* **YOUR ASSIGNMENT**
Of the records that follow, copy only the lines from the line containing "HP EliteBook Ultra" to the line containing "Samuel B. Silver Pearl Buddha Earrings", both included, exactly as written.

* **RECORDS SUPPLIED**
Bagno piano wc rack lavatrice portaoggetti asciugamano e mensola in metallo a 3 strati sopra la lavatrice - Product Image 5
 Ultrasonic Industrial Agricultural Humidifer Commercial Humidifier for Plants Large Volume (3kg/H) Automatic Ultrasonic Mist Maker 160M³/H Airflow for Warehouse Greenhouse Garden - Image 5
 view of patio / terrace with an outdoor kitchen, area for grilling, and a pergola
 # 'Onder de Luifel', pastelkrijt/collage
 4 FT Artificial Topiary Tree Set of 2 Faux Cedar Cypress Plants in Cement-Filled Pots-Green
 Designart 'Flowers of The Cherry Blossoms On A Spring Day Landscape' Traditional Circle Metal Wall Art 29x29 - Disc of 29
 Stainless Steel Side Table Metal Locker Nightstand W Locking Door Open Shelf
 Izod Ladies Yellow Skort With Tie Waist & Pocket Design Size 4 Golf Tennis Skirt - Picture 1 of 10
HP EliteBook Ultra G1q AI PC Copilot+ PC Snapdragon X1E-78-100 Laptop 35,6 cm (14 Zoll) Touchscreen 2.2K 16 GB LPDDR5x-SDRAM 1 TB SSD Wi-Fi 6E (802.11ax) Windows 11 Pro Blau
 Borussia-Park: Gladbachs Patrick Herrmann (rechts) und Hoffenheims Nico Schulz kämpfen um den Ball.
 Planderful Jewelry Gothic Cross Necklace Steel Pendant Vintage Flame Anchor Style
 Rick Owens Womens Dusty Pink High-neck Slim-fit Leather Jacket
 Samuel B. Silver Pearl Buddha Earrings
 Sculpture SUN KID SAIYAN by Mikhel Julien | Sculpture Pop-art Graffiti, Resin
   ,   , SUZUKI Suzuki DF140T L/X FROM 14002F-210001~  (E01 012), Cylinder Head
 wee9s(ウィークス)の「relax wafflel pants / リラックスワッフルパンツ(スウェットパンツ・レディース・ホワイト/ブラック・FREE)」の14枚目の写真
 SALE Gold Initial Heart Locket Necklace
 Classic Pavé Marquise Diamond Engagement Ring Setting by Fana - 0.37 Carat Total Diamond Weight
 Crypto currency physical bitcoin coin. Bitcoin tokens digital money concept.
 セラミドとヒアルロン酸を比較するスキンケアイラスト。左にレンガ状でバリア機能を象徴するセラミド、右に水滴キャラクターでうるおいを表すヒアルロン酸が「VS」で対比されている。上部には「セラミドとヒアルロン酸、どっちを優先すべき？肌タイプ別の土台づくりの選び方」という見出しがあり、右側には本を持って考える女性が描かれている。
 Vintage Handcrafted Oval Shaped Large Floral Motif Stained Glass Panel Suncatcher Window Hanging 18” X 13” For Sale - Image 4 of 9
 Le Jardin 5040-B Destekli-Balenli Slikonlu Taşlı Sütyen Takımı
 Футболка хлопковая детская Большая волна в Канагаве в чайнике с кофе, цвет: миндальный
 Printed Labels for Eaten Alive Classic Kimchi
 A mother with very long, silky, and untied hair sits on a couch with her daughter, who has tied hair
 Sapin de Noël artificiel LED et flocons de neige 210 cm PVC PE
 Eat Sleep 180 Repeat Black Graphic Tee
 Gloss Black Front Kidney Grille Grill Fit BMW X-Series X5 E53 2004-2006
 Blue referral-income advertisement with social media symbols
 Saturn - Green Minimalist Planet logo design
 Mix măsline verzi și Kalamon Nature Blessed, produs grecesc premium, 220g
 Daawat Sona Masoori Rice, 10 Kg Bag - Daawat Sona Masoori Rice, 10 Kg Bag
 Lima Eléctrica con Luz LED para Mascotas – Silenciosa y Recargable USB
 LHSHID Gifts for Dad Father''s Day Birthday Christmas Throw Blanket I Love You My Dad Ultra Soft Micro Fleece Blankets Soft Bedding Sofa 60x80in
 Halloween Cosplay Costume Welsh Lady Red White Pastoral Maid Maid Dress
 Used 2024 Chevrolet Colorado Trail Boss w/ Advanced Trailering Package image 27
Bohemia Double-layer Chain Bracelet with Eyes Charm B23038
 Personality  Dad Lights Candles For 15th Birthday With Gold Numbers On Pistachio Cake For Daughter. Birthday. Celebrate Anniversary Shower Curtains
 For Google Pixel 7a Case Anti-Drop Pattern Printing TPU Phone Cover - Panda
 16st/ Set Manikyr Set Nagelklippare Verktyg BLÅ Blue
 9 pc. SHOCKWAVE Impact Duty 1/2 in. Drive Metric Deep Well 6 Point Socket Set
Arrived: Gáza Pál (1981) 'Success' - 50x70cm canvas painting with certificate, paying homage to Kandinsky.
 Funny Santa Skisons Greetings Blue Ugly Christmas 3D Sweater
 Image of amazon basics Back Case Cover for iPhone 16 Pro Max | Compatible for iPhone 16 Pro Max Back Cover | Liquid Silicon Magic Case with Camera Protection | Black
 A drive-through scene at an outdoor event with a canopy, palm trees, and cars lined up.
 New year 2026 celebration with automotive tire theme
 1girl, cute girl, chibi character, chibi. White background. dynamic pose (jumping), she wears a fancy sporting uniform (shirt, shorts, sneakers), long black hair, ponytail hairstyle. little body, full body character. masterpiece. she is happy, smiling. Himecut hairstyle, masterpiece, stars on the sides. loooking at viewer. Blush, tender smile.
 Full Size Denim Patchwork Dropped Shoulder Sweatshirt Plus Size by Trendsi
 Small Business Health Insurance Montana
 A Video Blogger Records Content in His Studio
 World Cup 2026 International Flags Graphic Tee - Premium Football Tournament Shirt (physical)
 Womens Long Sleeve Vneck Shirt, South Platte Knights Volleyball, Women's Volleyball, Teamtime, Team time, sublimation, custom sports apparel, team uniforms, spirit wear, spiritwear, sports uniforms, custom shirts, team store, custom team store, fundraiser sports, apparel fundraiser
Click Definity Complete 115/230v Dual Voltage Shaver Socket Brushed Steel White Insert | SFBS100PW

* **TASK OUTPUT**
HP EliteBook Ultra G1q AI PC Copilot+ PC Snapdragon X1E-78-100 Laptop 35,6 cm (14 Zoll) Touchscreen 2.2K 16 GB LPDDR5x-SDRAM 1 TB SSD Wi-Fi 6E (802.11ax) Windows 11 Pro Blau
 Borussia-Park: Gladbachs Patrick Herrmann (rechts) und Hoffenheims Nico Schulz kämpfen um den Ball.
 Planderful Jewelry Gothic Cross Necklace Steel Pendant Vintage Flame Anchor Style
 Rick Owens Womens Dusty Pink High-neck Slim-fit Leather Jacket
 Samuel B. Silver Pearl Buddha Earrings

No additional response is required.